Thursday, April 13, 2006

Blogging is strangely like an old senile man sitting in a corner of a crowded room, talking endlessly to himself. There is the same tragic element of wanting to be heard, and the remote possibility of that actually happening.


There was a teutonic shift in my value system yesterday when I surprised my self by bying the new album Ringleader of the Tormentors by the brit pop grand old man Morrissey. For as long as I can remember, I have hated brit pop in general, and Morrissey in particular. It represents non-musical singing and campfire-type guitar playing at its worst. However, a the phrase

And I just want to
I want to see the boy happy
With his arms around his first love
Is that too much to ask

kind of caught me off guard. I downloaded the album from iTunes and find that all of a sudden, I could relate to the music, brit pop and all.

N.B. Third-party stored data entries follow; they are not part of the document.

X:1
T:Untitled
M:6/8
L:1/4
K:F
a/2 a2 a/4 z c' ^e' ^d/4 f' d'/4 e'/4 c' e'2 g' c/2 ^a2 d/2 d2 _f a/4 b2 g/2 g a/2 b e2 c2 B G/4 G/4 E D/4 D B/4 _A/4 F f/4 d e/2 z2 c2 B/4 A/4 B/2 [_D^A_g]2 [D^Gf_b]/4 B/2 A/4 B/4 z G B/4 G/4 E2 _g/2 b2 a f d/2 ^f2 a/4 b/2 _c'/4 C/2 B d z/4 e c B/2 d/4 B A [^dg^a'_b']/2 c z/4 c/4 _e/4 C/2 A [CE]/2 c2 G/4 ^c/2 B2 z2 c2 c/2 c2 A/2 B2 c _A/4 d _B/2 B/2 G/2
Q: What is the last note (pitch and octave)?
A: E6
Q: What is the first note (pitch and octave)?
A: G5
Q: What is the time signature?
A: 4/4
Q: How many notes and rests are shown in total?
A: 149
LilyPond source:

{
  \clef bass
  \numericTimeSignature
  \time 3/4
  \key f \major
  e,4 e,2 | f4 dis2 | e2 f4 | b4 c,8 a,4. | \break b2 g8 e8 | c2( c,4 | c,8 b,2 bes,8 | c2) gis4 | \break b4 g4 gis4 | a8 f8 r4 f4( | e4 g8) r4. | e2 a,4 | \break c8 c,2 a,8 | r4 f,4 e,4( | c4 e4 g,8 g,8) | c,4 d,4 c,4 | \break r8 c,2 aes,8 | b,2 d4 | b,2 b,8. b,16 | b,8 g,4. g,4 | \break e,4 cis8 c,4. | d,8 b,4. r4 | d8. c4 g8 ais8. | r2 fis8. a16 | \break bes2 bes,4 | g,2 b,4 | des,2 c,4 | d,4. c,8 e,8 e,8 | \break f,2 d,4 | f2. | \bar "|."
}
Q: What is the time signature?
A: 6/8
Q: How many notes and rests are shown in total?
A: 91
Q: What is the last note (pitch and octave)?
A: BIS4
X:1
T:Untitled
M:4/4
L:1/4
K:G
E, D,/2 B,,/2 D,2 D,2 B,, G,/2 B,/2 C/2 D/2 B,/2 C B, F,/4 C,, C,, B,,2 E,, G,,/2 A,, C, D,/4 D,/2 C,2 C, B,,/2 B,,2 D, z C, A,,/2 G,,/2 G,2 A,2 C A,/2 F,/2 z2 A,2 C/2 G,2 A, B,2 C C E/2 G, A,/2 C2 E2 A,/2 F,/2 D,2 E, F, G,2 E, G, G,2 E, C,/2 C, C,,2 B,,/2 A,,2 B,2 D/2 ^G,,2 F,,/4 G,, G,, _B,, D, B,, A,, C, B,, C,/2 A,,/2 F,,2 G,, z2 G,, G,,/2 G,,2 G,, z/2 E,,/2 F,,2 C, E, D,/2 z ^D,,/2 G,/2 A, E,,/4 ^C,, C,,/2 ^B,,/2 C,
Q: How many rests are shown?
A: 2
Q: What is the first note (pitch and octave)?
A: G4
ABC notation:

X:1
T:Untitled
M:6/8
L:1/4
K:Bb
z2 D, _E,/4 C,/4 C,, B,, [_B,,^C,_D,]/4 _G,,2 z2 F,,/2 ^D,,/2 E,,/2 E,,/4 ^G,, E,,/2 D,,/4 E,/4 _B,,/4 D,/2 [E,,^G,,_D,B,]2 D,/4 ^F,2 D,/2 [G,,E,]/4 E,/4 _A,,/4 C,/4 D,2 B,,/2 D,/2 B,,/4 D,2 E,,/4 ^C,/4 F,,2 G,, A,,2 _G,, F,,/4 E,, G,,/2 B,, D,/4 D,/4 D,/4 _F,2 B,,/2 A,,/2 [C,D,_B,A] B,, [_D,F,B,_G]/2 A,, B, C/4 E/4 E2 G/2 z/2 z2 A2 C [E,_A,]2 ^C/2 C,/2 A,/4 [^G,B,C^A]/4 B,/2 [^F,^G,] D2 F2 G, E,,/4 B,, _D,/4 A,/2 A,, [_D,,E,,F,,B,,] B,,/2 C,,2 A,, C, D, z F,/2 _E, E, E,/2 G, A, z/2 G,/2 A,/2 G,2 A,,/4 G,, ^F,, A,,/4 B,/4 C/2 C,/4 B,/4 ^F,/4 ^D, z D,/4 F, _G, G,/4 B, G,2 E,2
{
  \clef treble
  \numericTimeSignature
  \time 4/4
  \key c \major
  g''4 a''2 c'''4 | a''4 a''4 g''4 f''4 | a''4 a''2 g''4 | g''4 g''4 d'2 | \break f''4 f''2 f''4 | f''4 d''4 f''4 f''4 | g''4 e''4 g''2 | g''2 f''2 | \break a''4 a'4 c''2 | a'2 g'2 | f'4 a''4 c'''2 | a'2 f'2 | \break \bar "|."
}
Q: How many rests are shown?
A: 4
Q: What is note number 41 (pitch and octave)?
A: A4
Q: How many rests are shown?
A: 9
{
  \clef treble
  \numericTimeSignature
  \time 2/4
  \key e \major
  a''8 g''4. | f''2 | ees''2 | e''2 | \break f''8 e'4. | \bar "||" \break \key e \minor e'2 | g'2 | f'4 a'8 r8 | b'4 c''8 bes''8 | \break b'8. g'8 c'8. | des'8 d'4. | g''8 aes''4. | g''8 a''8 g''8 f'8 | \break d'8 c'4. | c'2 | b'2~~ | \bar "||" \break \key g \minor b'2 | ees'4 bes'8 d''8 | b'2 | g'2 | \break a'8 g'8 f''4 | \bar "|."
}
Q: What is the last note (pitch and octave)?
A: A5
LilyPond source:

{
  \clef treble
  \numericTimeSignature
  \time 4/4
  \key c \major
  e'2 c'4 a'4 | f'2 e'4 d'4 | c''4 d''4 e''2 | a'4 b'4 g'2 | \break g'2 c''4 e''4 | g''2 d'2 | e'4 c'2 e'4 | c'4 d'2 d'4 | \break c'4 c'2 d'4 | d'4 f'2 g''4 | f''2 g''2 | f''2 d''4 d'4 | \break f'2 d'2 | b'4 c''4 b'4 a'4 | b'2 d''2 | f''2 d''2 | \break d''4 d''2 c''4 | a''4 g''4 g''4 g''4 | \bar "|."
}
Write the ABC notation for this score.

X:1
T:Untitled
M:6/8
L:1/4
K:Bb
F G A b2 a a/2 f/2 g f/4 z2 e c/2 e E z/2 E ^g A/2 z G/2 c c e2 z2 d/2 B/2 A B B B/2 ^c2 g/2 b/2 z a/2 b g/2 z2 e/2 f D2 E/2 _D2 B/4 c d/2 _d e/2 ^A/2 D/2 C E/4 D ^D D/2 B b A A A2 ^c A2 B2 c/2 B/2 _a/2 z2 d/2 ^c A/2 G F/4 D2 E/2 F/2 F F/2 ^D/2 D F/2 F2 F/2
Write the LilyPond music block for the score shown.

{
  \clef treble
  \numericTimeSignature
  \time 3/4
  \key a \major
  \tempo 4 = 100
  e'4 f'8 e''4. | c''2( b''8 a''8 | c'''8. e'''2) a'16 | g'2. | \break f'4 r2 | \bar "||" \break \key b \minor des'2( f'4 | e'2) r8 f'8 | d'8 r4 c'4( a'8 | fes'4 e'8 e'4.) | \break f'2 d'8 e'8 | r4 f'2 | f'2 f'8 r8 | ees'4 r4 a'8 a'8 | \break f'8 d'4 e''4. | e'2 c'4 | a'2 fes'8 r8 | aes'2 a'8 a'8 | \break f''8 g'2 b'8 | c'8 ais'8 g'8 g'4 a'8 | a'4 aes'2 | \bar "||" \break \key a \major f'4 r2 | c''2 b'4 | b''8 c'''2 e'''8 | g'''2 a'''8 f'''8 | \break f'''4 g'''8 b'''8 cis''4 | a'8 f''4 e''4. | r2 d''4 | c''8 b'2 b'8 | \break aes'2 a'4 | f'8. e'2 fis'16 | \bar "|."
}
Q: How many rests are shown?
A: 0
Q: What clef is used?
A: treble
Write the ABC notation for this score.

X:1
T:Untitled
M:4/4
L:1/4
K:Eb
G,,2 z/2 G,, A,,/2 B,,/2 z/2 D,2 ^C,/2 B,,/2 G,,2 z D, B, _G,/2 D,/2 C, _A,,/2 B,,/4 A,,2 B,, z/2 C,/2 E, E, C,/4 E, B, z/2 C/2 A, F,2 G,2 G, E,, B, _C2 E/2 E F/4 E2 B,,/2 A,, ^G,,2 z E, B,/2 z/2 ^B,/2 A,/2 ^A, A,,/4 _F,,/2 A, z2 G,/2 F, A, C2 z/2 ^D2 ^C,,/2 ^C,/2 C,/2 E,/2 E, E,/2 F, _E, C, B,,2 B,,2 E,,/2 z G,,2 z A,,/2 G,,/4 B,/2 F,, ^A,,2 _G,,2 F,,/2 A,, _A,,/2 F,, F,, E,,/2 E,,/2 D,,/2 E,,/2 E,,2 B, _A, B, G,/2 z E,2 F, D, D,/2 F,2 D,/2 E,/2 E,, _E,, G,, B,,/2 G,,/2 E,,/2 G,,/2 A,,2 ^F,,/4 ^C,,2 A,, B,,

It's funny how musical tastes develop. My taste usually works by accepting a foreign element when it's presented among familiar elements. For instance, my introduction to jazz, my current greatest musical love was through prog rock, my greatest musical love when I was in my teens. The drummer of both Yes and King Crimson, Bill Bruford is basically a jazz drummer, and his first solo album, Feels Good to Me - still a brilliant album after all these years - seemed to present many of prog rock's finest elements in the context of a jazz fusion album. When I had gotten used to the sound of the album, I started to introduce myself to the Biches Brew -era Miles Davis and slowly started my journey into jazz.



I guess the brit pop thing is the fault of a terrific neo-prog rock group called Porcupine Tree, the music of which I have listened to quite a bit lately. Their masterpiece In Absentia integrates heavy metal, prog rock and melancholy brit pop into a strange soup.

The problem with Morrissey is that there is less and less music that I hate. This is a problem, as I have always valued disidentification as a nice way to build one's identity. We are who we are by knowing who we dis.